Are there wildcards like “contains” with "S# " perhaps, so I could tell it …S4 or …S1.03 etc.? At least with a (typical) sulfide, I know the S would be near the end of the molecular FORMULA, but not necessarily the end of the TITLE.
Do I have a chance with a similar type of Smart Group organisation or am I out of luck?
If I’m interpreting your examples correctly you could create a smart group but there night be a problem with using quotations in your wildcard. The quotations causes the search to look for the exact term within the quotes: S#
EndNote uses the asterick (*) to denote wildcards and set up to 10 search fields. Here’s an example of the first 3 terms. Wildcards are handy but need to be specified so as not to cast such a wide net. You can try it but a quick test shows “S” alone as a wildcard would be too broad. However, including “4” to the wildcard will locate both BaCuS4 and CaAgS4; and the leading asterick enables locating “S4” at the end if a word/term. The search should specify “superconductor” as separate term. So the result would be:
Title contains sulfide
or Title contains *S4
or Title contains superconductor
Since there’s a max of 10 search terms suggest you make a list for each list; sort each list in alpha order; determine which terms could be aggregated by wildcards (e,g., *S4); then setup the smart group/search terms (you might conduct a trial test first).
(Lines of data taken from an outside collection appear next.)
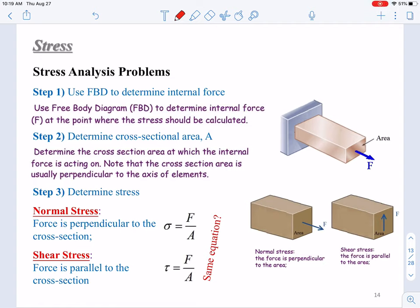Let's summarize the steps we need to do stress analysis based on the integrated example. In the integrated example, we deal with a very simple case, so I skipped free body diagram and equilibrium equations. But here you should note that to do a stress analysis for a simple structure, we normally need three steps. In the first step, we should use free body diagram to determine internal force at the point where the stress should be calculated.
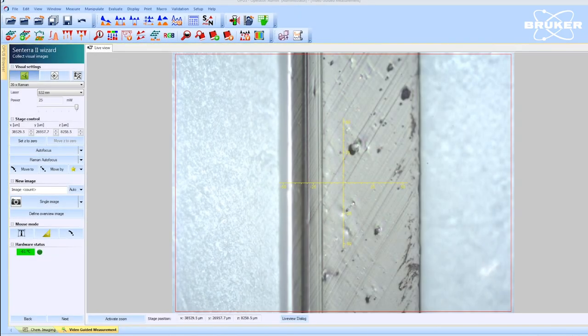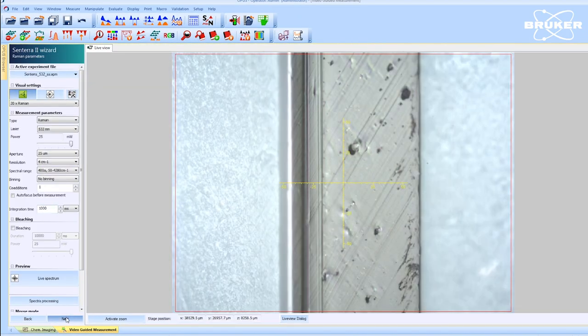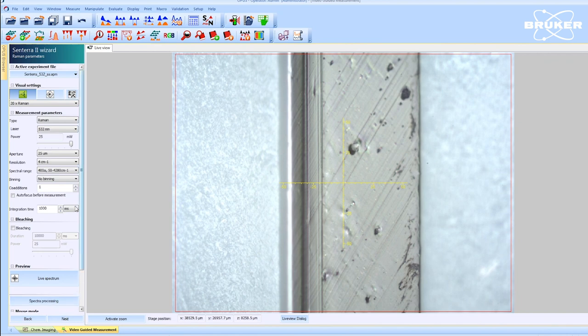The step-by-step software guide then starts with a visual inspection and the creation of an overview image for reference and region of interest selection.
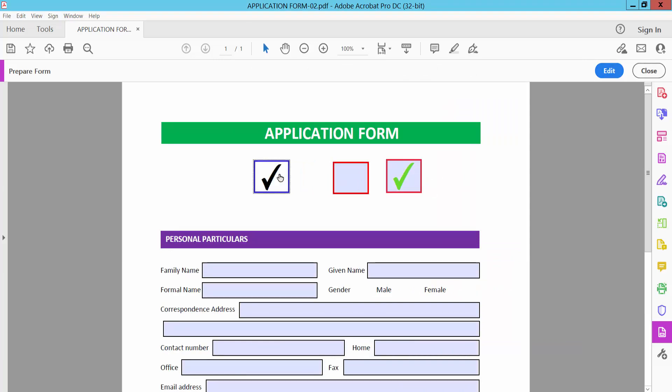In this way, you can unlock all of the checkboxes' read-only option. Thank you. Please subscribe, like, share, and comment.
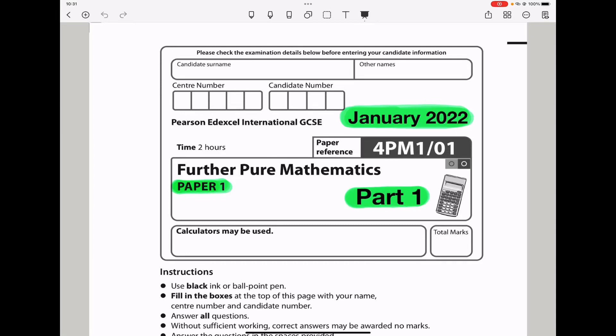Welcome to the Chemistry, Biology, and Math Revision Hub. Today we are doing the Pearson Edexcel International GCSE for the Pure Mathematics Paper 1 for January 2022. This is the part 1 video. I'll put the link to the part 2 video below in the description box. Let us begin with the first question.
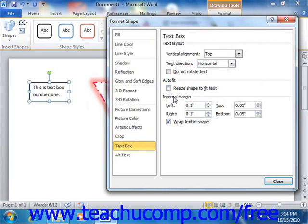In the Internal Margins section, you can set the internal margins of the text containing shape that you have selected. So you can use the spinner boxes to set the left, right, top, and bottom margins within the object.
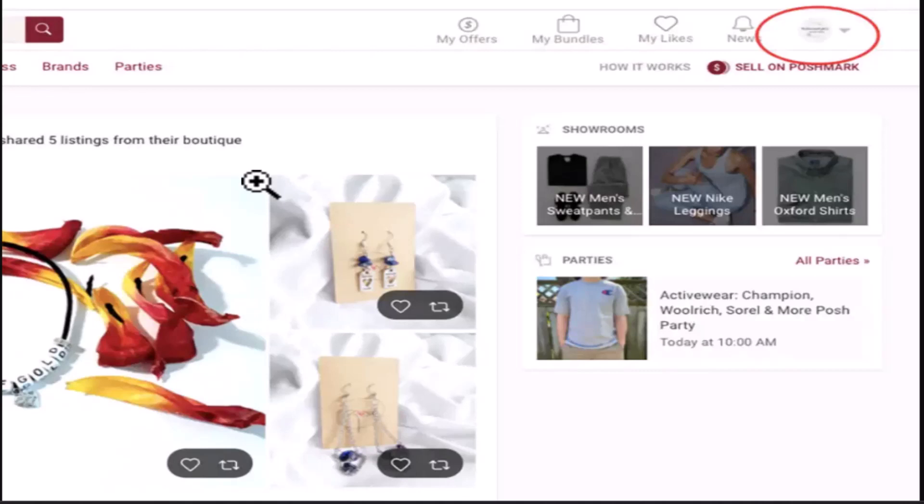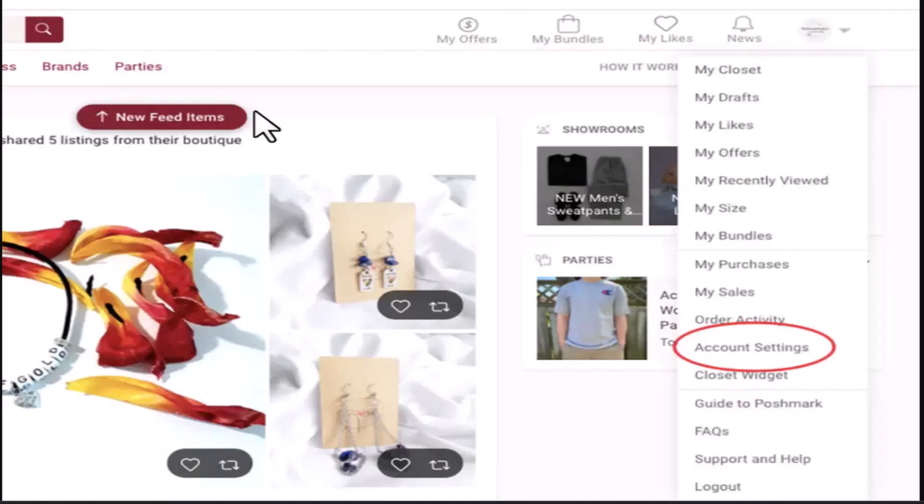In the upper right hand side corner, you'll be able to see your profile icon. Click on it. As soon as you tap on it, a dropdown menu appears, and from the list, you need to tap on account settings.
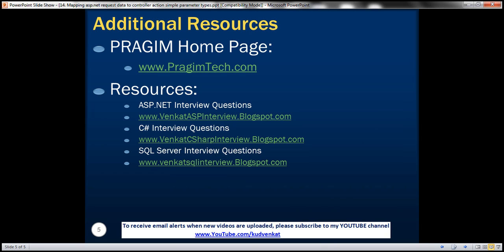On this slide, you can find resources for ASP.NET, C Sharp, and SQL Server Interview Questions. That's it for today. Thank you for listening. Have a great day.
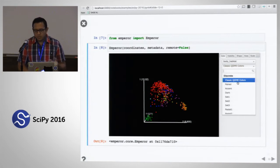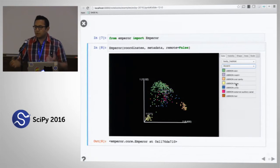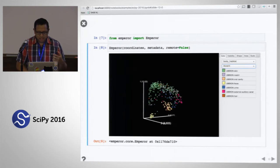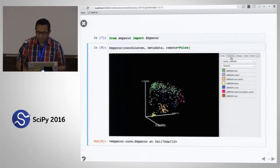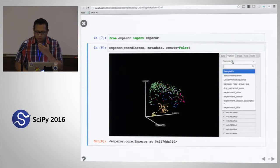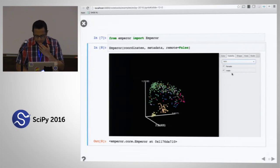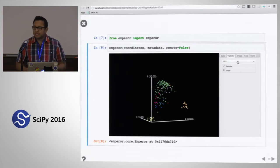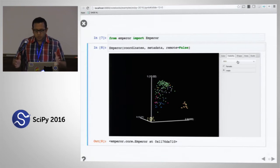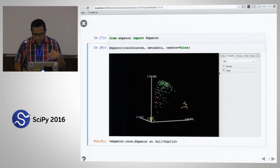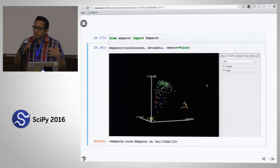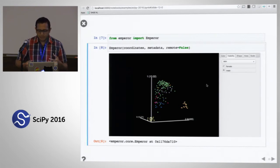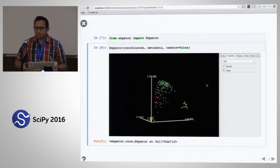One of the cool things is that you can also change the color maps interactively, just as you would in Seaborn or Matplotlib. You can also hide all the samples from, say, male subjects — now all those samples are hidden from the ordination. In this way you can have orthogonal control of all the different metadata categories in your ordination, in the browser, interactively, which is very valuable because most of these analyses start as exploratory in nature.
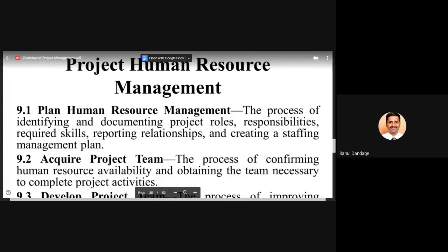When developing the human resource management plan, we should identify and document the roles and responsibilities of people in the project team, identify the skills required, identify reporting relationships — who the project team should report to and update on project progress — and develop the staffing management plan.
Thanks for the reply, but a few clarifications:
I dont use " " in EndNote; this was solely for the ease-of-reading on the forum
I agree that S is a bad criteria because my example (false positive) is one that would end up in the group, but SHOULDN’T. So for example Superconductor would appear, but doesn’t belong.
I brought up S# , because I can’t define S1*, S2*, S3*, S4*, S5*, S6*, S7*, S8*, S9*, S0*; that’s really inefficient sorting logic (if it were computer code, # would look for any integer immediately following an S)
So does * have any advantages over simply typing S? Since the “contains” command does left and right inclusions too.
At present I don;t believe a smart group can be created given the search variations needed. You might submit a product suggestionvia the forum regarding use of the pound sign (#) or other convention for specifying searches involving a range of numbers or codes (given the number and variations encompassed in your discipline). This would be a useful tool.
It seems tio me that the wildcard * and typing “S” (with “contains”) accomplish the same result so neither has an advantage over the other.
Done and done. Thanks for the reply.